Exercise brief:
In the records below, find the line with "Gardoncino With Pool Апартаменты", then retype it and every following line exactly, stopping after the line with "Siyah Fiyonk Detaylı Kız Çocuk Babet-2". Leave the pictures out.

Given records:
• • • • •
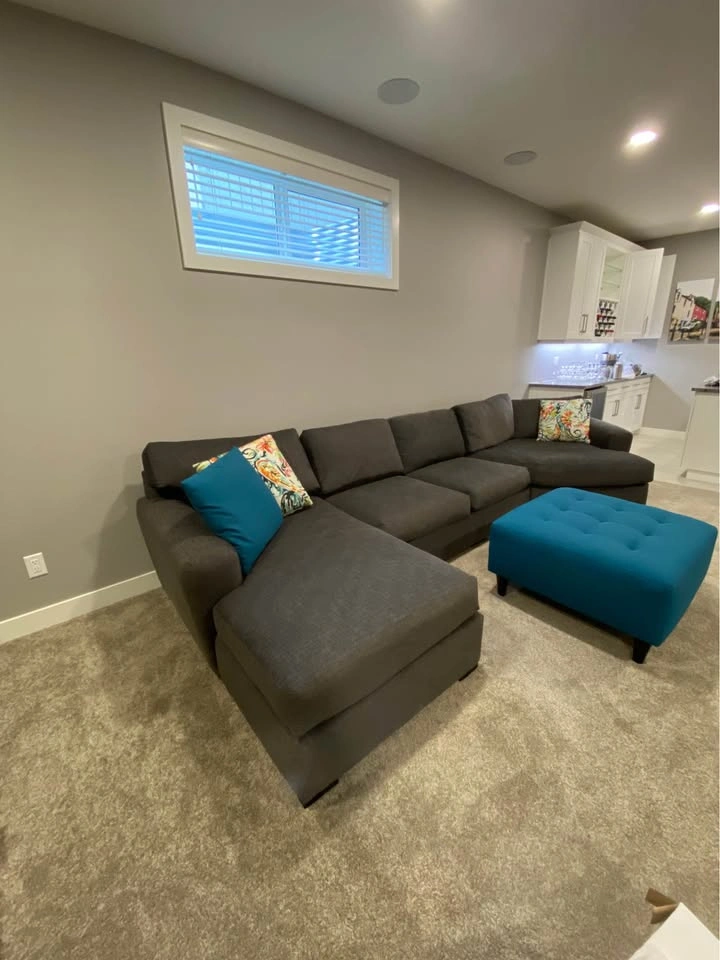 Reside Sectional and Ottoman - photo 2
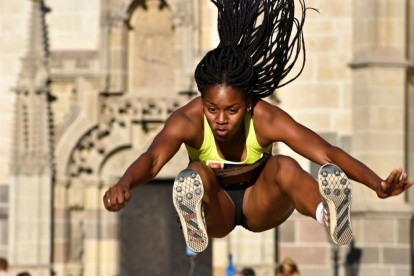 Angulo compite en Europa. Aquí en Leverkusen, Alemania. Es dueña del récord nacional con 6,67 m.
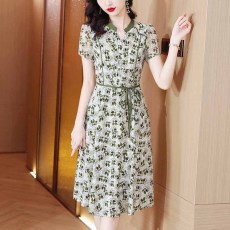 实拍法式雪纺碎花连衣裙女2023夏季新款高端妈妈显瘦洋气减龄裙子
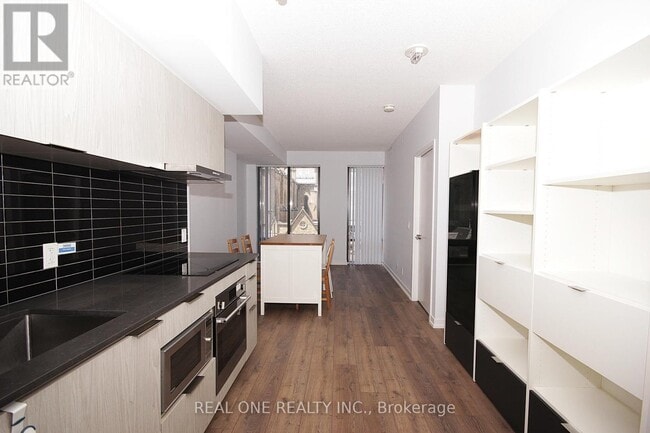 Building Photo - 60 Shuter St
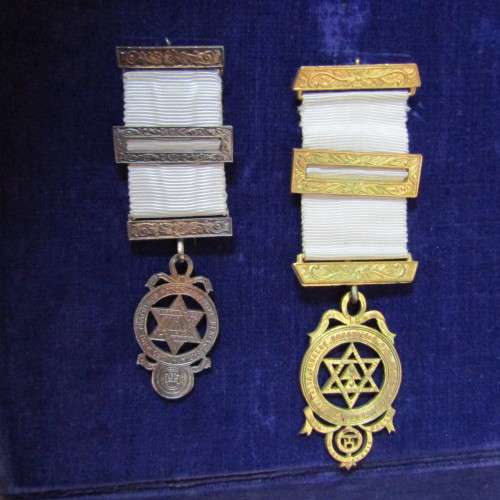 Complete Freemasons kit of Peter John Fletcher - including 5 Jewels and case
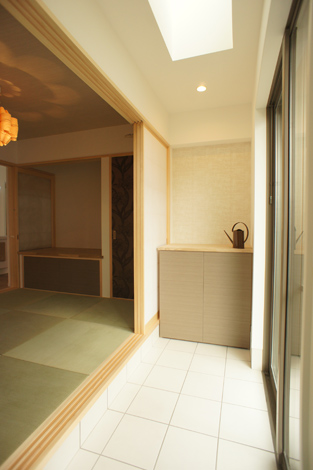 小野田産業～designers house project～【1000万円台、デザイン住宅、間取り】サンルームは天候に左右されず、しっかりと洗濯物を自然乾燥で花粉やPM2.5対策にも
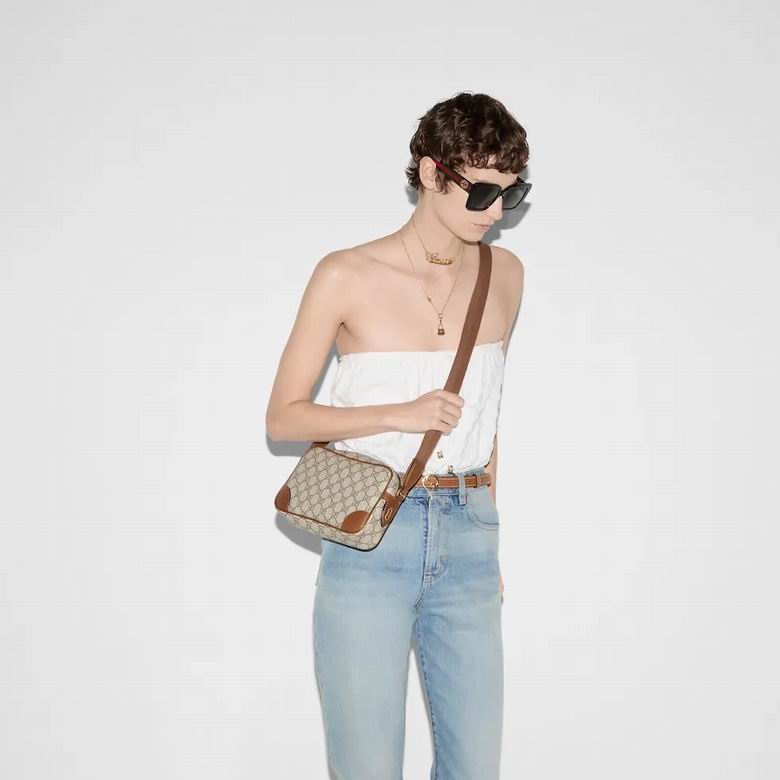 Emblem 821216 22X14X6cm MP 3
• • • • •
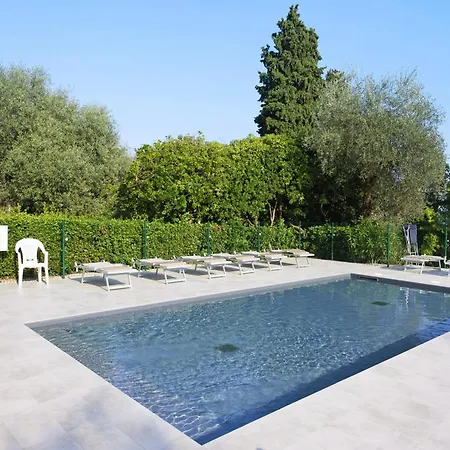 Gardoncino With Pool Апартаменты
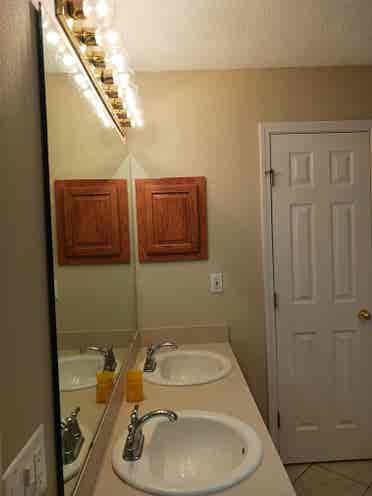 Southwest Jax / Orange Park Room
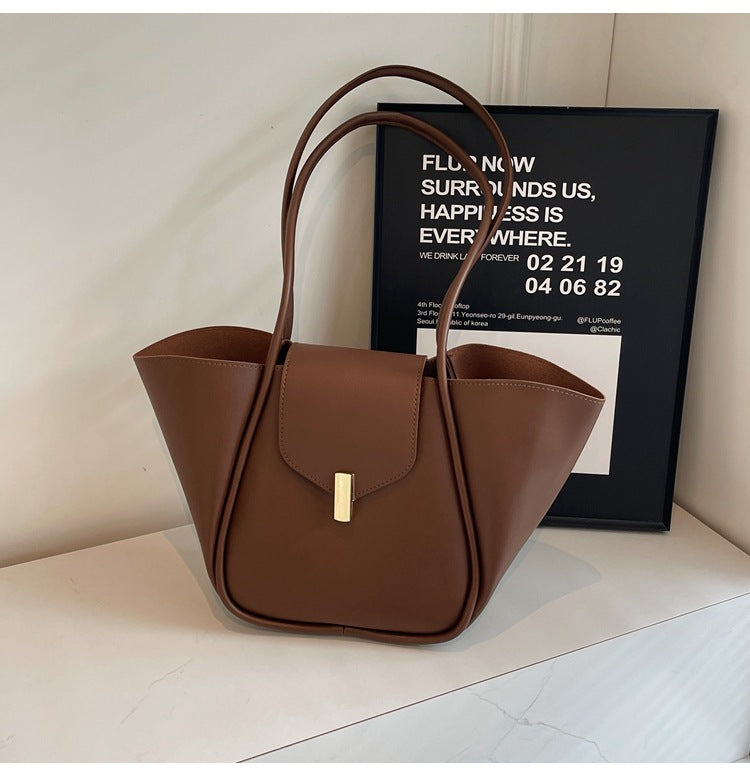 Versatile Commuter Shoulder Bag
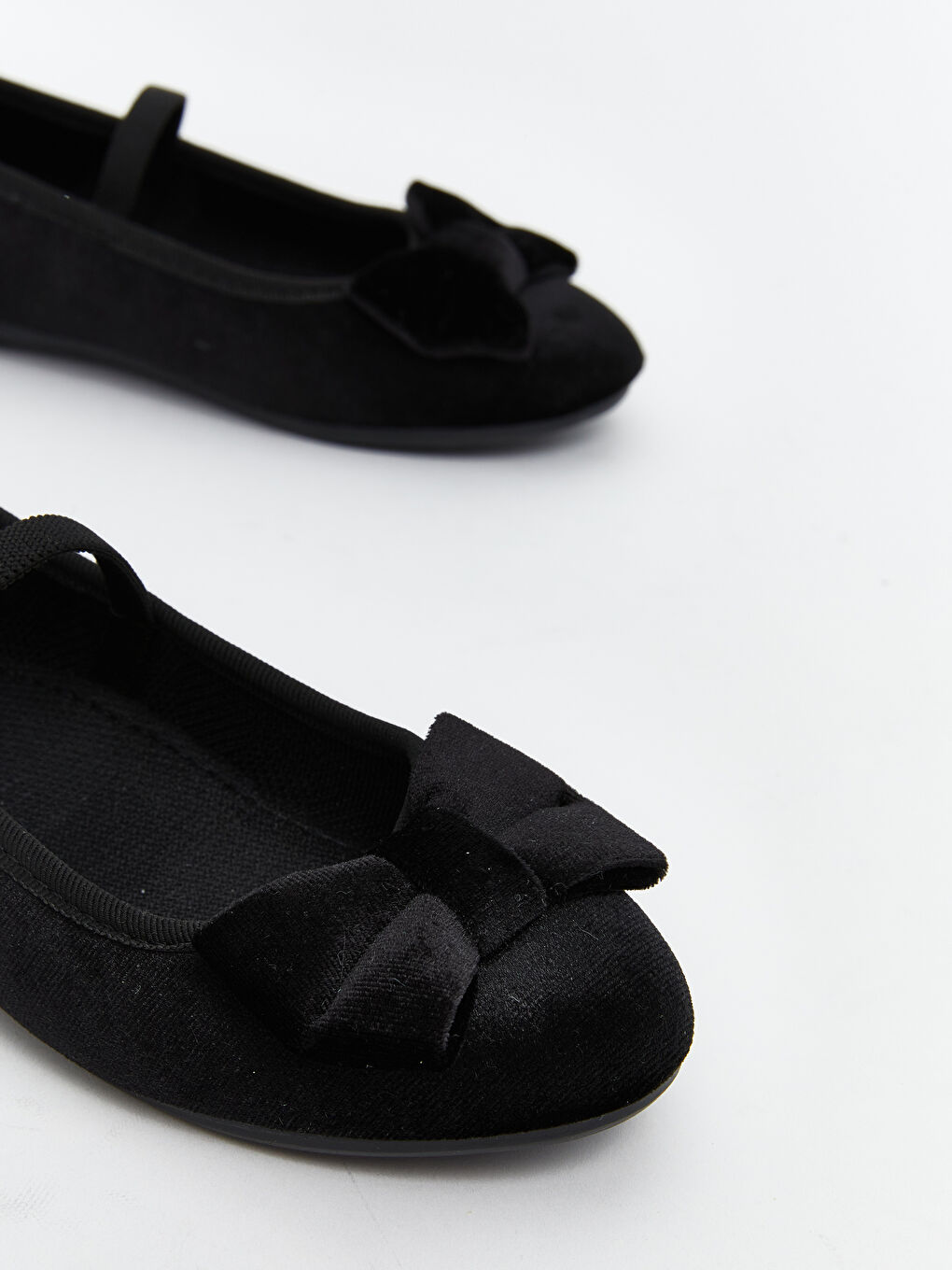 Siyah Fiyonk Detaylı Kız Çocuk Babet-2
• • • • •
Response for this exercise:
 Gardoncino With Pool Апартаменты
 Southwest Jax / Orange Park Room
 Versatile Commuter Shoulder Bag
 Siyah Fiyonk Detaylı Kız Çocuk Babet-2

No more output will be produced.